Now look, it’s a weird time. Would they have taken it under a different president and at least looked at it? Maybe. With Trump in office, you can see why they are like, “We want no part of this.” But that’s a bit of self-preservation as well. You don’t need Mike Pompeo if you are working at the CIA or the NSA [to know] that it could possibly destroy your career to go poking around on this kind of stuff.

Has all this made the people you talk to feel more or less skeptical of the Steele dossier, and its most explosive allegations?

The most explosive allegation, the sex tape, I don’t think anyone knows what to think of it still. I have definitely spoken to people who say that if you stay at the Ritz-Carlton [in Moscow], you are probably videoed. Everybody who stays there—American officials, anyone important. Is there a video that exists out there? Who knows. I talked to a former Russian spy who said that if there is, it is locked in a safe in some general’s office and is not getting out. On the other allegations, just like responsible journalists, I think a professional intelligence officer would take the view that until you have proof it is all just rumor, it’s speculation.

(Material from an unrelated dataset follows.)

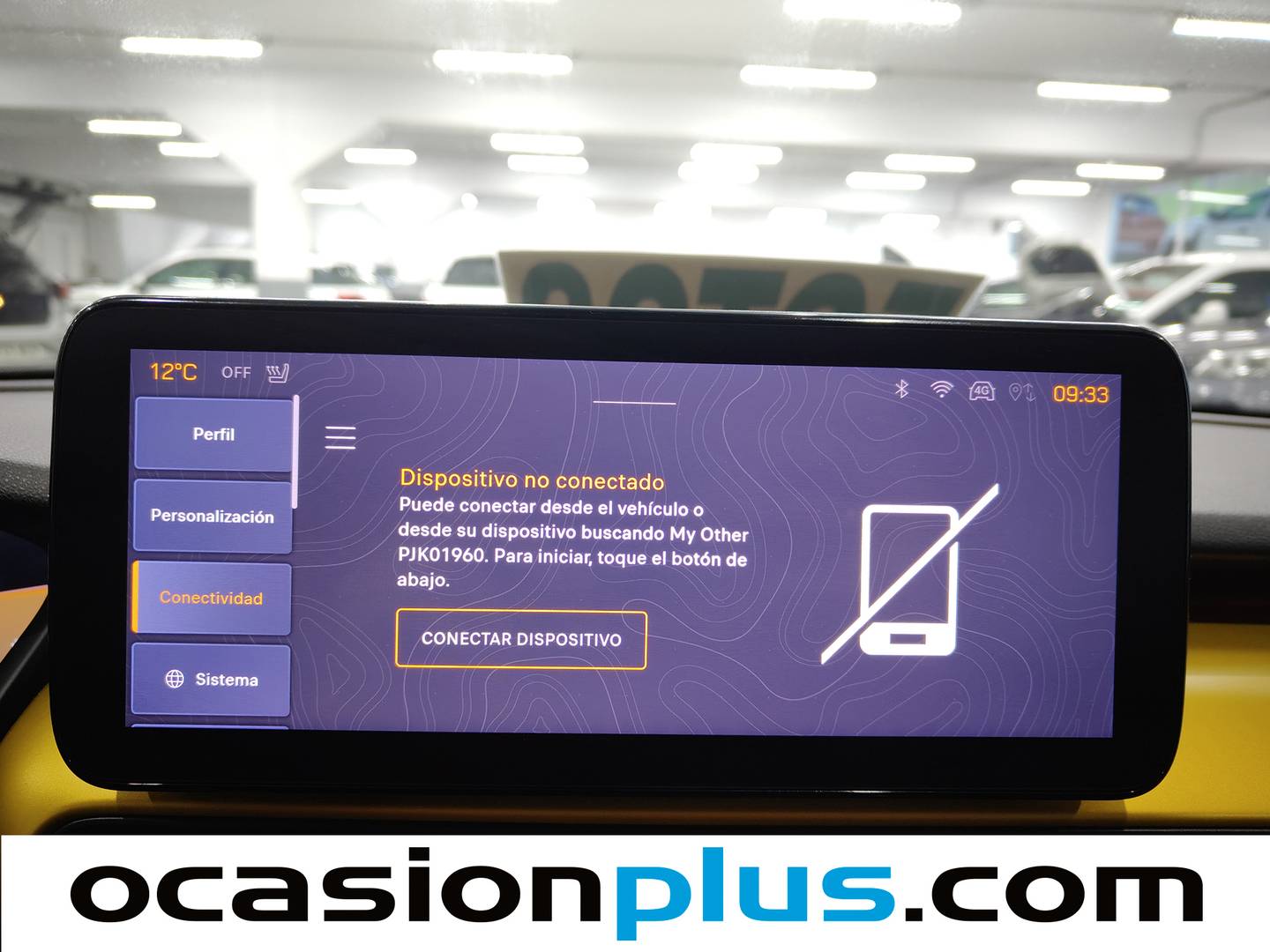 Foto Jeep Avenger Jeep Avenger 1.2 G Summit (100 CV)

Now look, Steele was a professional spy for many years and is respected by his American colleagues. They think that this is not a man who goes off half-cocked. But Steele himself says he was taking information from a variety of sources, and this was never meant to be a document to get out there. It was meant for people to corroborate. I think, like journalism, intelligence is about collecting information and trying to corroborate what you can. Journalists reprint it, and spies put it in an analysis and give it to the policymakers. But you are doing the same thing there. That dossier is still the wild card in all this.

How long have you been on this Russia beat?

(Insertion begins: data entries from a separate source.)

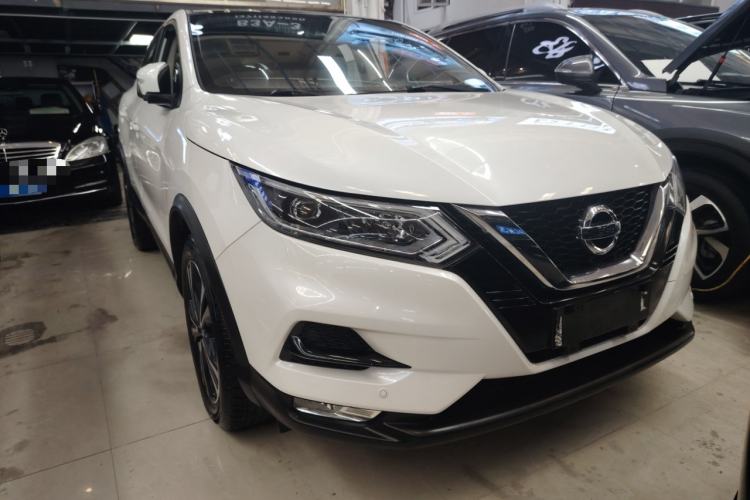 Used Nissan Qashqai 2019 2.0L CVT Luxury Edition
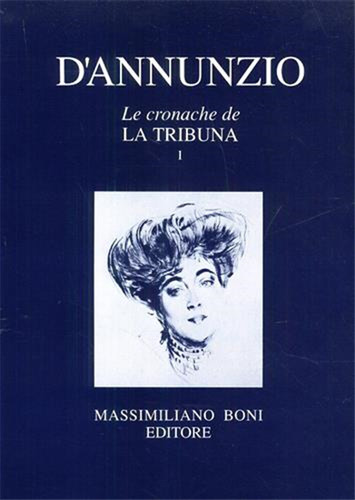 Annunzio gabriele le - d'annunzio,gabriele.,
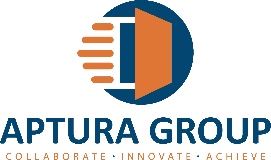 APTURA GROUP logo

I have been doing it for the past year.

Do you feel like you understand this huge story about Russian interference and Trump and what it all means better or worse than when you started?

I think I have a more realistic understanding of it. What I do understand very clearly is that there is a lot of evidence that is already out there that people in Trump’s circle, including his son, were willing to talk to Russians about the possibility of cooperating or working together. That’s what it looks like, anyway. Whether they actually got their act together and did it: I just have no idea. There is no direct evidence of that yet. I guess you could say they were collusion-curious at some times.

But I think when you are close to it you get a sense of the wild “oh, there’s a sex tape, they were doing bank deals, everyone knows it, they were buying up all these condominiums.” You put your fingers into all that and you know how slippery it all is. It hasn’t been disproven but it hasn’t been proven. And if it hasn’t been proven, we are not going to say it’s true.